> EXERCISE INSTRUCTIONS
Print the first line of the material below and each line after it, exactly as written, ending with the line that contains "Košarka, reprezentacija BiH, Eurobasket".

> RECORDS FOR PROCESSING
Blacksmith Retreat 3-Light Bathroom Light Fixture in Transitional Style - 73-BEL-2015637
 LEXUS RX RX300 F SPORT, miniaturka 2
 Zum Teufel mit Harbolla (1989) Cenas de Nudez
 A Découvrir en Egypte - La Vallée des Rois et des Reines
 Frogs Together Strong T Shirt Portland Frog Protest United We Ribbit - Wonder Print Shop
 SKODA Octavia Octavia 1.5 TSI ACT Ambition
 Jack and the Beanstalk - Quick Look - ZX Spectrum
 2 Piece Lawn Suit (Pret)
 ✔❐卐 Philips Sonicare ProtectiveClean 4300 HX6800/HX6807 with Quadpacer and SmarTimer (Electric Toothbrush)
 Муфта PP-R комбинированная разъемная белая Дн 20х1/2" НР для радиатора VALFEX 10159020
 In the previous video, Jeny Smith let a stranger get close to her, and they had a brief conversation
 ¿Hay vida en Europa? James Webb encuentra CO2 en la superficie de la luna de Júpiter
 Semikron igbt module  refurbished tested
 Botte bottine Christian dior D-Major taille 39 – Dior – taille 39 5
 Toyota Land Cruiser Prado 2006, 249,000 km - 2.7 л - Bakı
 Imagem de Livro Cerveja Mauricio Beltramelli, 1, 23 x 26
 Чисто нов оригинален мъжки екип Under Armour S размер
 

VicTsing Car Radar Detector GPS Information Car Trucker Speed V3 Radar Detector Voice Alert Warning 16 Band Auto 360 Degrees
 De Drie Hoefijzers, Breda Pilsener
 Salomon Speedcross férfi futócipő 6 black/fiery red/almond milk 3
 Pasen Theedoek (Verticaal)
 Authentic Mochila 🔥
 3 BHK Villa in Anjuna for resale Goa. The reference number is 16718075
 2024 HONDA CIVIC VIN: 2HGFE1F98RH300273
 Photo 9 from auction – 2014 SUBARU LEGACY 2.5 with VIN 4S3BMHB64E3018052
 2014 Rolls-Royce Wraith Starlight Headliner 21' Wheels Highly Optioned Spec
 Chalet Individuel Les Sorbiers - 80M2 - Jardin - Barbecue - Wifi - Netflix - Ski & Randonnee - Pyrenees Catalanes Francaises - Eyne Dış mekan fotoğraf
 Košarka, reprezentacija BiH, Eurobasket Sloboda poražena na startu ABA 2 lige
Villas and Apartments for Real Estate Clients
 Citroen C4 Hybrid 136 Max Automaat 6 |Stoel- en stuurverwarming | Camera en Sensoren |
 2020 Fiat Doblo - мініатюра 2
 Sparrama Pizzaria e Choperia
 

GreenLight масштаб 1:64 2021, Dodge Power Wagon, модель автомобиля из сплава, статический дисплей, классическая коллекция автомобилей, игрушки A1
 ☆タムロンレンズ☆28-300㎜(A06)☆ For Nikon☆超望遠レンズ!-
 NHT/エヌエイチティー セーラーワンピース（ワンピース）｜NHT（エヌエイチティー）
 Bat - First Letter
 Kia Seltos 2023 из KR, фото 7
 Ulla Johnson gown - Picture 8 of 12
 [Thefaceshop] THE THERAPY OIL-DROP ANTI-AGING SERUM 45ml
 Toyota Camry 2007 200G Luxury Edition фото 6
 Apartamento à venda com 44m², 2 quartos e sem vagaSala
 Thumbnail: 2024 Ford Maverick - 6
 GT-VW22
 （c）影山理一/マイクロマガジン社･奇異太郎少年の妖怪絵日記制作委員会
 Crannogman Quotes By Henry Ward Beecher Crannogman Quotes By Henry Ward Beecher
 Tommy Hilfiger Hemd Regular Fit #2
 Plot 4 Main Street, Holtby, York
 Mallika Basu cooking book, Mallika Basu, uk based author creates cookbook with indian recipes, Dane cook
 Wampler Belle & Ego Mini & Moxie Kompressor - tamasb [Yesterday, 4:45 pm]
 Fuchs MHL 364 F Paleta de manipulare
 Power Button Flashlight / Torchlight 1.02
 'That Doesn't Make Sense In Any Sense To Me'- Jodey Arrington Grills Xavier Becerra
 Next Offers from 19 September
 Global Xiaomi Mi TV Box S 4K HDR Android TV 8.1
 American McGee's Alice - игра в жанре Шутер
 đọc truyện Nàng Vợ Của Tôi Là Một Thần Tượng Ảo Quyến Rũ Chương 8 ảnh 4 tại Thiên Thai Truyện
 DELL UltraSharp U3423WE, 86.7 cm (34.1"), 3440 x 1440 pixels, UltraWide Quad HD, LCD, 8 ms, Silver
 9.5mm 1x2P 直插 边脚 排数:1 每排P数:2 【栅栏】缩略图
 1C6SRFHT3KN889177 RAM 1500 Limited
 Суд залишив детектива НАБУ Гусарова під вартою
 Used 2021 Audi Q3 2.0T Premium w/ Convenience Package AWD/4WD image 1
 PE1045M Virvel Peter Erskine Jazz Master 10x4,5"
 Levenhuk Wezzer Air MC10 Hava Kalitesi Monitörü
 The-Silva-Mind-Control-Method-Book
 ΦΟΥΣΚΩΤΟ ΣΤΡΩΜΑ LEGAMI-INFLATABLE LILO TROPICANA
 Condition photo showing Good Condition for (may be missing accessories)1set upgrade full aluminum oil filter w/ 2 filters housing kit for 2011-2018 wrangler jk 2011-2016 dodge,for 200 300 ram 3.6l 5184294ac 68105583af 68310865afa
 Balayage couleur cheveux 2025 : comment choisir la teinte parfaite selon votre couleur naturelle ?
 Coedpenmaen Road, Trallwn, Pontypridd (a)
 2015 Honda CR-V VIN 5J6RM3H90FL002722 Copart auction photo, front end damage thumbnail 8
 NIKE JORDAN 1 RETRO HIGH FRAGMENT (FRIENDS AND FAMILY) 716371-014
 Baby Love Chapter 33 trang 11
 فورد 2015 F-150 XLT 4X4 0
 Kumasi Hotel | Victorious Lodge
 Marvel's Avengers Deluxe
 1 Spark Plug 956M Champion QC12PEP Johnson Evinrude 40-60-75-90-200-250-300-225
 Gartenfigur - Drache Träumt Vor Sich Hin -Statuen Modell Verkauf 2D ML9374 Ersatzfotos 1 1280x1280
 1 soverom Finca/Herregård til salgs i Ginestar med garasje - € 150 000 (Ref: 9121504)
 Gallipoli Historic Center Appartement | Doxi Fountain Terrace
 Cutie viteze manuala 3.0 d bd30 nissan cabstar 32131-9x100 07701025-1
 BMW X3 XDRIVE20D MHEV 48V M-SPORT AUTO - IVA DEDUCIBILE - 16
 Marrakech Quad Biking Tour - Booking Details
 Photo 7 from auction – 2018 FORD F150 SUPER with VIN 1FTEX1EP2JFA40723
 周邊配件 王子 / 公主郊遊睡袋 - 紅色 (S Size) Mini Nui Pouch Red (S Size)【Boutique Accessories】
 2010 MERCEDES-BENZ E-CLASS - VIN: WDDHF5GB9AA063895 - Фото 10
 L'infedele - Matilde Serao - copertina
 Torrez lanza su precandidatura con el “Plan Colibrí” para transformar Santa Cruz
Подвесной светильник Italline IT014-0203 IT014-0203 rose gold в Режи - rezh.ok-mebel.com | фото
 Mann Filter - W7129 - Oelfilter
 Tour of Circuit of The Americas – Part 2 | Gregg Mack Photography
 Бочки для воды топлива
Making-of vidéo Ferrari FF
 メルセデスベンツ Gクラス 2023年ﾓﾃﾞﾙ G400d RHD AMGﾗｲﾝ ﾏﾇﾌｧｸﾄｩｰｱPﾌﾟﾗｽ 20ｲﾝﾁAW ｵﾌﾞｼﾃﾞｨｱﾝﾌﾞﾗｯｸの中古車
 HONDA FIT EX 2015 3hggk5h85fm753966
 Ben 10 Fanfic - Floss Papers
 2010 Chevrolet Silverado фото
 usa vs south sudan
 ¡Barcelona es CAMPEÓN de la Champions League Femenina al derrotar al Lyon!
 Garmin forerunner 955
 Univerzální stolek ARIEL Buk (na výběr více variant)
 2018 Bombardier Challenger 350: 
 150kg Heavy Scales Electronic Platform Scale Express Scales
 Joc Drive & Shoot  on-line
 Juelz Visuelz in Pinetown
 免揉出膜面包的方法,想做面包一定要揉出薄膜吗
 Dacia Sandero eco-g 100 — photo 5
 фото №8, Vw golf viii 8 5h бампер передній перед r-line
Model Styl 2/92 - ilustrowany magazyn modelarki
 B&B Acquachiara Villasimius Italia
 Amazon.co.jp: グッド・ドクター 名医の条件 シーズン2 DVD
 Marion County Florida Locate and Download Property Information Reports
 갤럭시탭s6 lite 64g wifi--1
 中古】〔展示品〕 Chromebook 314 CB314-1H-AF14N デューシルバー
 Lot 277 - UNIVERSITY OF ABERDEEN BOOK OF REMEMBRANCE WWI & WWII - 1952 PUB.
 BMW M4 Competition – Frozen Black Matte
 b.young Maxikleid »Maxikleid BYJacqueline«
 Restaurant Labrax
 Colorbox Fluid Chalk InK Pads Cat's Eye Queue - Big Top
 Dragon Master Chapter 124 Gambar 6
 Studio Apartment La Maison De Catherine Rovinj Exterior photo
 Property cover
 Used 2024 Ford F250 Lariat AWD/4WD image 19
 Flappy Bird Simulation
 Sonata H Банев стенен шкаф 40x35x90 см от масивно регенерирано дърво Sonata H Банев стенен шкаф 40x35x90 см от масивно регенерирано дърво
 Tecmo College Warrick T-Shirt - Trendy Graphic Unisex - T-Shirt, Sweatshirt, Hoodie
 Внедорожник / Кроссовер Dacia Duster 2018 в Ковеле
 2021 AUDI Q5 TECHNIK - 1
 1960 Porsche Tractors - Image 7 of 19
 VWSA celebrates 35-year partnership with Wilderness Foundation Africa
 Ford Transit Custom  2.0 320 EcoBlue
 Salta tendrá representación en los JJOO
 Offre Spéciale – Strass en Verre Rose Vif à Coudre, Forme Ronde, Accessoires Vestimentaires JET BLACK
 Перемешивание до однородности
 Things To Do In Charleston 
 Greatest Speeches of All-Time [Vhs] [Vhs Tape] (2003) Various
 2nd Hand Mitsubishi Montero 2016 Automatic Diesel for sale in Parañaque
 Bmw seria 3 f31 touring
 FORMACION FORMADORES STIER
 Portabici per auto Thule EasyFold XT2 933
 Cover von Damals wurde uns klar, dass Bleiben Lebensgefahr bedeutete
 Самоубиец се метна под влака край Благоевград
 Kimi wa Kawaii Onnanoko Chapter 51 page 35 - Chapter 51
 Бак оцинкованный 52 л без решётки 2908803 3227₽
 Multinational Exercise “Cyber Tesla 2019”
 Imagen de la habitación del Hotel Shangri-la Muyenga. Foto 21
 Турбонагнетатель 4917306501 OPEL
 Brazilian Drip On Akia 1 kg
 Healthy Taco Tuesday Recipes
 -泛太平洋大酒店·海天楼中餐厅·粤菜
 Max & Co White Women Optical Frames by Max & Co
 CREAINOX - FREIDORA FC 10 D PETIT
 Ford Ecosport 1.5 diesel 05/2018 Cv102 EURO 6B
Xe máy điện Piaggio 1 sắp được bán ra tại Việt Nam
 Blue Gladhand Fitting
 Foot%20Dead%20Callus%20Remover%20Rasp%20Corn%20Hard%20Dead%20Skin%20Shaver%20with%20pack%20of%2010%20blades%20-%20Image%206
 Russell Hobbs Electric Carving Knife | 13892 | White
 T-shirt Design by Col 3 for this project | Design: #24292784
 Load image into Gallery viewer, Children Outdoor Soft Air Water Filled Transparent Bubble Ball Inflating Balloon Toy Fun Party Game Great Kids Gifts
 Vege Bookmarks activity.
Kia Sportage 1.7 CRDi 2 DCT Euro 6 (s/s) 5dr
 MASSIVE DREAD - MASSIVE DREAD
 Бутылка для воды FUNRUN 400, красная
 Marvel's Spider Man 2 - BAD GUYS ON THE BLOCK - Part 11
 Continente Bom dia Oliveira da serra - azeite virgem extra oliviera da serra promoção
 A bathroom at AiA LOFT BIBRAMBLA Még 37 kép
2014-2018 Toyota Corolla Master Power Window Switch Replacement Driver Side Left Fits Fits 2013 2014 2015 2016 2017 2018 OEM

> RESPONSE BOX
Blacksmith Retreat 3-Light Bathroom Light Fixture in Transitional Style - 73-BEL-2015637
 LEXUS RX RX300 F SPORT, miniaturka 2
 Zum Teufel mit Harbolla (1989) Cenas de Nudez
 A Découvrir en Egypte - La Vallée des Rois et des Reines
 Frogs Together Strong T Shirt Portland Frog Protest United We Ribbit - Wonder Print Shop
 SKODA Octavia Octavia 1.5 TSI ACT Ambition
 Jack and the Beanstalk - Quick Look - ZX Spectrum
 2 Piece Lawn Suit (Pret)
 ✔❐卐 Philips Sonicare ProtectiveClean 4300 HX6800/HX6807 with Quadpacer and SmarTimer (Electric Toothbrush)
 Муфта PP-R комбинированная разъемная белая Дн 20х1/2" НР для радиатора VALFEX 10159020
 In the previous video, Jeny Smith let a stranger get close to her, and they had a brief conversation
 ¿Hay vida en Europa? James Webb encuentra CO2 en la superficie de la luna de Júpiter
 Semikron igbt module  refurbished tested
 Botte bottine Christian dior D-Major taille 39 – Dior – taille 39 5
 Toyota Land Cruiser Prado 2006, 249,000 km - 2.7 л - Bakı
 Imagem de Livro Cerveja Mauricio Beltramelli, 1, 23 x 26
 Чисто нов оригинален мъжки екип Under Armour S размер
 

VicTsing Car Radar Detector GPS Information Car Trucker Speed V3 Radar Detector Voice Alert Warning 16 Band Auto 360 Degrees
 De Drie Hoefijzers, Breda Pilsener
 Salomon Speedcross férfi futócipő 6 black/fiery red/almond milk 3
 Pasen Theedoek (Verticaal)
 Authentic Mochila 🔥
 3 BHK Villa in Anjuna for resale Goa. The reference number is 16718075
 2024 HONDA CIVIC VIN: 2HGFE1F98RH300273
 Photo 9 from auction – 2014 SUBARU LEGACY 2.5 with VIN 4S3BMHB64E3018052
 2014 Rolls-Royce Wraith Starlight Headliner 21' Wheels Highly Optioned Spec
 Chalet Individuel Les Sorbiers - 80M2 - Jardin - Barbecue - Wifi - Netflix - Ski & Randonnee - Pyrenees Catalanes Francaises - Eyne Dış mekan fotoğraf
 Košarka, reprezentacija BiH, Eurobasket Sloboda poražena na startu ABA 2 lige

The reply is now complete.